Hybrid funds: Herd mentality of fund houses continue

Moneylife Digital Team | 26/07/2012 02:16 PM | 

Despite the poor response to other similar schemes which have been launched in the past, Franklin Templeton MF and Union KBC MF plan to launch their own hybrid schemes

Franklin Templeton India Allocation Fund and Union KBC Asset Allocation Fund, will offer a mix of equity, debt and gold in their portfolio, according to their offer documents filed with the Securities and Exchange Board of India (SEBI). These schemes offer nothing different from the 19-odd schemes that are already available in the market.
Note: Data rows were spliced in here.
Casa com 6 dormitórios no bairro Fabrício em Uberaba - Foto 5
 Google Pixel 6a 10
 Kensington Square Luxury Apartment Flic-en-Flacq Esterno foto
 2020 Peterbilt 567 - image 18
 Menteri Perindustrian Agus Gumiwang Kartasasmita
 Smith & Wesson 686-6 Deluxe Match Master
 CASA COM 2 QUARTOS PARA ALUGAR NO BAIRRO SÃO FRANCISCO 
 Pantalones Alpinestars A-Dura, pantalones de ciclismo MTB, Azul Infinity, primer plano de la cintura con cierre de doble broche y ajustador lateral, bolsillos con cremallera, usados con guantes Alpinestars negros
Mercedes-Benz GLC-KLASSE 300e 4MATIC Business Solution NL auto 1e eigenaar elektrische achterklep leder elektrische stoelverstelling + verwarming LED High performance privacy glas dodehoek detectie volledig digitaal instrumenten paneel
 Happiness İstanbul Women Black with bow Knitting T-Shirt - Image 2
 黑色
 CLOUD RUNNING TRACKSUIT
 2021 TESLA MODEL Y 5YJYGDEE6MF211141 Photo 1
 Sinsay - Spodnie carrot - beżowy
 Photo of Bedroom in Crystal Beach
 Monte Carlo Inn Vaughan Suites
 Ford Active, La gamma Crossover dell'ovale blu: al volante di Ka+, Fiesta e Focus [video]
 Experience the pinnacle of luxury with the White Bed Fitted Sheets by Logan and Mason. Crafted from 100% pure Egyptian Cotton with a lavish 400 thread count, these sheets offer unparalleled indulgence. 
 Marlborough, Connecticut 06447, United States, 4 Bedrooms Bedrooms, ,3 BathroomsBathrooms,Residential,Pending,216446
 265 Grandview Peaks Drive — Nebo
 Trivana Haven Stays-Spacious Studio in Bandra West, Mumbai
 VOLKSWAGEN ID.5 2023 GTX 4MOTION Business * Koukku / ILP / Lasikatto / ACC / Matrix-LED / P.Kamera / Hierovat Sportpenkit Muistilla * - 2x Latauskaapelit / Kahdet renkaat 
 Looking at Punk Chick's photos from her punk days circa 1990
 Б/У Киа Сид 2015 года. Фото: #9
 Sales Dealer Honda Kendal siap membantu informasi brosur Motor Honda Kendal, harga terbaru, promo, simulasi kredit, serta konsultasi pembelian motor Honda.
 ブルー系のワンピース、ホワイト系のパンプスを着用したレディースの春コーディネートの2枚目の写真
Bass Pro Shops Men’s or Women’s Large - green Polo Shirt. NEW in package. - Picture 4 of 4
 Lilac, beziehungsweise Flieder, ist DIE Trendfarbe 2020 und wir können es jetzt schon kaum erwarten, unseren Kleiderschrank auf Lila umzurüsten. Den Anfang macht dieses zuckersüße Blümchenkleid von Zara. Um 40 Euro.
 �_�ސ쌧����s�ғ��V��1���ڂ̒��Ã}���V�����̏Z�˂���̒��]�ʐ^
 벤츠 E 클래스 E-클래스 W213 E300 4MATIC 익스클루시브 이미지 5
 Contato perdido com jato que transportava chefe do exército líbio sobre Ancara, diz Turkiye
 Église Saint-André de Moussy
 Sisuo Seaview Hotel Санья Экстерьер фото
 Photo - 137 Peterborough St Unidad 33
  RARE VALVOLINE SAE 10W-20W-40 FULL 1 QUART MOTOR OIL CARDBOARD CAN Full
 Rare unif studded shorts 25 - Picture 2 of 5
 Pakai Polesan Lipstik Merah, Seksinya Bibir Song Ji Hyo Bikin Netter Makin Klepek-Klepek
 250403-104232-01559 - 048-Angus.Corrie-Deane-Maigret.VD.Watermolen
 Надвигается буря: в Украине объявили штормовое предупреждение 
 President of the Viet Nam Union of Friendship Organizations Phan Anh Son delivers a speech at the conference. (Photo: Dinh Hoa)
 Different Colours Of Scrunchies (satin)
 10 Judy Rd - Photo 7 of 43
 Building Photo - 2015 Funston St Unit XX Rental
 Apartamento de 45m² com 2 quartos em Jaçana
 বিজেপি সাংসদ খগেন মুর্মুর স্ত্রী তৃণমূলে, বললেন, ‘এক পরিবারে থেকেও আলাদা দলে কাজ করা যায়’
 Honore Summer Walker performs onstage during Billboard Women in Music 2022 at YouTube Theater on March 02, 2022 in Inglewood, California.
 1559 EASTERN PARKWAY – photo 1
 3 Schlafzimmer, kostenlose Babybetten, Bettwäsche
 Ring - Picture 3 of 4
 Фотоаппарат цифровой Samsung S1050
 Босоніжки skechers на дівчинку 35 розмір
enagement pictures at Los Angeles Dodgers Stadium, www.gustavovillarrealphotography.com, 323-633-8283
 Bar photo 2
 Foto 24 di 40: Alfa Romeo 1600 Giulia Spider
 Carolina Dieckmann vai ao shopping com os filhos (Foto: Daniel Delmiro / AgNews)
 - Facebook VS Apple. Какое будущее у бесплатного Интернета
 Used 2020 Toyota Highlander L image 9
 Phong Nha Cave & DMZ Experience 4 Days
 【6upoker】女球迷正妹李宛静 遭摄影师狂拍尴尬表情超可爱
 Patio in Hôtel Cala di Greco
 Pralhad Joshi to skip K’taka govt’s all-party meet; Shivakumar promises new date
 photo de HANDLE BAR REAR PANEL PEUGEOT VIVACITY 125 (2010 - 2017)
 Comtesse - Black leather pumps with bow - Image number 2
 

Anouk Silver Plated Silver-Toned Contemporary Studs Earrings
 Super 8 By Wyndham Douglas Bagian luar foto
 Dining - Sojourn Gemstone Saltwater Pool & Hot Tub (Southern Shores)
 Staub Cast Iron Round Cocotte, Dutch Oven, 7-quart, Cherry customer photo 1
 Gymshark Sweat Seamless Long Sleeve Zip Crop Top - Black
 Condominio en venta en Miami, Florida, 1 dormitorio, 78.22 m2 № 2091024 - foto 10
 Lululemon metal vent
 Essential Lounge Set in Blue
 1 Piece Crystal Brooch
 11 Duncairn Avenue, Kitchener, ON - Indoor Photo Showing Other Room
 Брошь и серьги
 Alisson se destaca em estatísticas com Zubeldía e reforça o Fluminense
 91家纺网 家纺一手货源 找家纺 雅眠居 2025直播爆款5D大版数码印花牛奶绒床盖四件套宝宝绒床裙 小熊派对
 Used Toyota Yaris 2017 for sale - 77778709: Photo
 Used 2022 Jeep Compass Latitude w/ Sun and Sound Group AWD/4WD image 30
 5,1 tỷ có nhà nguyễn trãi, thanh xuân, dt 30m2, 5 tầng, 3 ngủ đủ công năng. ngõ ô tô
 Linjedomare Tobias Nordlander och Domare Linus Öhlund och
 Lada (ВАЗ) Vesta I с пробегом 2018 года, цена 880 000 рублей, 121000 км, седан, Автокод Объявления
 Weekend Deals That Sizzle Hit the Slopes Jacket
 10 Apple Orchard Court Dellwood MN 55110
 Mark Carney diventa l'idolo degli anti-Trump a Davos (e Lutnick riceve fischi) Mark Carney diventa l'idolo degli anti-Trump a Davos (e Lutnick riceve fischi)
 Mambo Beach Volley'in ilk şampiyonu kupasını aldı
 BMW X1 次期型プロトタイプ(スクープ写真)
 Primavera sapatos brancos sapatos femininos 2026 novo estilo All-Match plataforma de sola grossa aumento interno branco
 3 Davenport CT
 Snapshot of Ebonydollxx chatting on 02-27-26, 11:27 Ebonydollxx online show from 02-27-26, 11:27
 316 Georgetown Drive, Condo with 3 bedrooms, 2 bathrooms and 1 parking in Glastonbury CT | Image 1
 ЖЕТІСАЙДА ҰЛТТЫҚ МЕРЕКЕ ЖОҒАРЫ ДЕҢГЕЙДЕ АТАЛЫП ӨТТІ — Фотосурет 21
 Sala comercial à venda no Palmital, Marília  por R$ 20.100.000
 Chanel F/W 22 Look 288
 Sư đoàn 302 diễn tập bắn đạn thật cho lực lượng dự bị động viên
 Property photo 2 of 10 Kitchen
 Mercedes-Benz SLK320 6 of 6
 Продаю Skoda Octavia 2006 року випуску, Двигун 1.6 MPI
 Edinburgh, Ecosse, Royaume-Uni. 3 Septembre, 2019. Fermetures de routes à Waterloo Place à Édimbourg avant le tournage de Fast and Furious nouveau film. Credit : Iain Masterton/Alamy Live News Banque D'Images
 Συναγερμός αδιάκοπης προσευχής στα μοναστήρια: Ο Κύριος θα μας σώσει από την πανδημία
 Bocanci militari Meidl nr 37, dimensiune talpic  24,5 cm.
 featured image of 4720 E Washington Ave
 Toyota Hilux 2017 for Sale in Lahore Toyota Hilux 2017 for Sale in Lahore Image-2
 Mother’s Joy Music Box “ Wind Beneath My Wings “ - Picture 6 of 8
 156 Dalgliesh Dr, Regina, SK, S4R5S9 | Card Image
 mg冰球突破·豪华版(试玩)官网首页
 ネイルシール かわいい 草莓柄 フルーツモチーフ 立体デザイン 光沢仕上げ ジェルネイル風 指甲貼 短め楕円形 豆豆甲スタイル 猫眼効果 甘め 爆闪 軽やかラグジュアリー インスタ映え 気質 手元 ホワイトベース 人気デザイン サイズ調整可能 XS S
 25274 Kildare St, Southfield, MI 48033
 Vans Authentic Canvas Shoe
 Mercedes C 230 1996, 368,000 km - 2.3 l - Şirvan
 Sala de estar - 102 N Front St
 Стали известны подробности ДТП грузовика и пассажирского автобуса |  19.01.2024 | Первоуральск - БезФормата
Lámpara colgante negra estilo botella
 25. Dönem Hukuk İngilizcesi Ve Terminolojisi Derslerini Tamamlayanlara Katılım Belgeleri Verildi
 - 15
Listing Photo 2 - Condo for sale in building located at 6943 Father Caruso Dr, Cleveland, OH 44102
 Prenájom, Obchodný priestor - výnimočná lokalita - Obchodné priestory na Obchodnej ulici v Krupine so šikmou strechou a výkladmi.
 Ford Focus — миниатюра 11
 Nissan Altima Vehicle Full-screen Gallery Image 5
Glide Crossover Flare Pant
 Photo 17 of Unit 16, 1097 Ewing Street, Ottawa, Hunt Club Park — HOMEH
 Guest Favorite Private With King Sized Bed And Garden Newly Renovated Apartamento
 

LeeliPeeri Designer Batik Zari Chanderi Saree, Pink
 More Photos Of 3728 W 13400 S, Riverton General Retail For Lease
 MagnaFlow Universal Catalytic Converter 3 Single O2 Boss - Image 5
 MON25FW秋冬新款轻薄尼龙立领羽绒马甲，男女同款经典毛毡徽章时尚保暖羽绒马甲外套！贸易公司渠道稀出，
The total corpus of these 19 schemes amount to just Rs2,624 crore which is less than the corpus of any one of the top 15 equity diversified schemes. More than half the schemes have a corpus less than Rs100 crore and six of these schemes have failed to accumulate even Rs10 crore. Why has the response been so poor? Underperformance could be one of the reasons.
 

 In our recent analysis, Hybrid Funds: Adding gold did not help , schemes having gold as a part of the portfolio had a lacklustre performance. Just half of them were able to outperform their composite benchmark. Having gold as an investment is risky, apart from this investors have to decide how much they can put in such a fund and how much returns it is expected to generate.
 

These schemes have varied asset allocation strategies as well. For some fund companies the allocation can go up to 60% in gold, whereas, others restrict themselves to a maximum of 20%-35% in gold. FT India Allocation Fund, which is a Fund of Funds hybrid scheme plans to follow a dynamic asset allocation strategy, where, if the fund manger feels he can invest nil or the entire assets in equity funds, debt funds or gold ETFs. The fund manager is free to choose his own asset allocation. So there may be a time when the fund manager may be fully invested in equity if he sees a big opportunity there or he can move entirely out of equity and keep the assets invested in debt or gold or both. This kind of dynamic asset allocation strategy could be highly risky for the investor. The fund proposes to primarily invest in domestic equity, fixed income, liquid schemes of Franklin Templeton Mutual Fund and domestic gold ETFs.
 

Union KBC Asset Allocation Fund will be offering investors two different plans. The aggressive plan would invest 55% to 75% in equity, 5% to 25% in debt and up to 20% in gold ETFs. The second plan, which is the conservative plan, will have a lesser allocation towards equity (15% to 25%) and more towards debt (55% to 85%). The allocation towards gold ETFs will remain the same.
 

Hybrid schemes, especially those that have gold as a part of their portfolio, are best avoided. The returns of these schemes have been erratic in the past. But if one is looking for capital appreciation, which is the prime investment objective of these schemes, investing in pure equity schemes would be the best bet for a long-term investment. But where is gold headed, no one knows. Hybrid schemes are too risky for the short-term and do not look too promising for the long term as well. If one is looking to invest for the long-term, keep it simple, choose an equity scheme with consistent performance.

 

Scheme details:
 

FT India Allocation Fund
 

Benchmark: 25% S&P CNX 500 + 25% CRISIL Short Term Bond Fund index + 25% CRISIL Liquid Fund index + 25% Gold domestic prices
 

Expense ratio: 2.50%
 

Exit Load: 1% if redeemed/switched out within 1 year of allotment

 

Union KBC Asset Allocation Fund
 

Benchmark:
 

Aggressive Plan: 70% S&P CNX Nifty + 15% CRISIL Composite Bond Fund Index + 15%  CRISIL Gold Index
 

Conservative Plan: 15% S&P CNX Nifty + 70% CRISIL Composite Bond Fund Index + 15% CRISIL Gold Index
 

Expense ratio: 2.25%
 

Exit load: 0.50% if units are redeemed/switched out within 6 months from the date of allotment; Nil thereafter.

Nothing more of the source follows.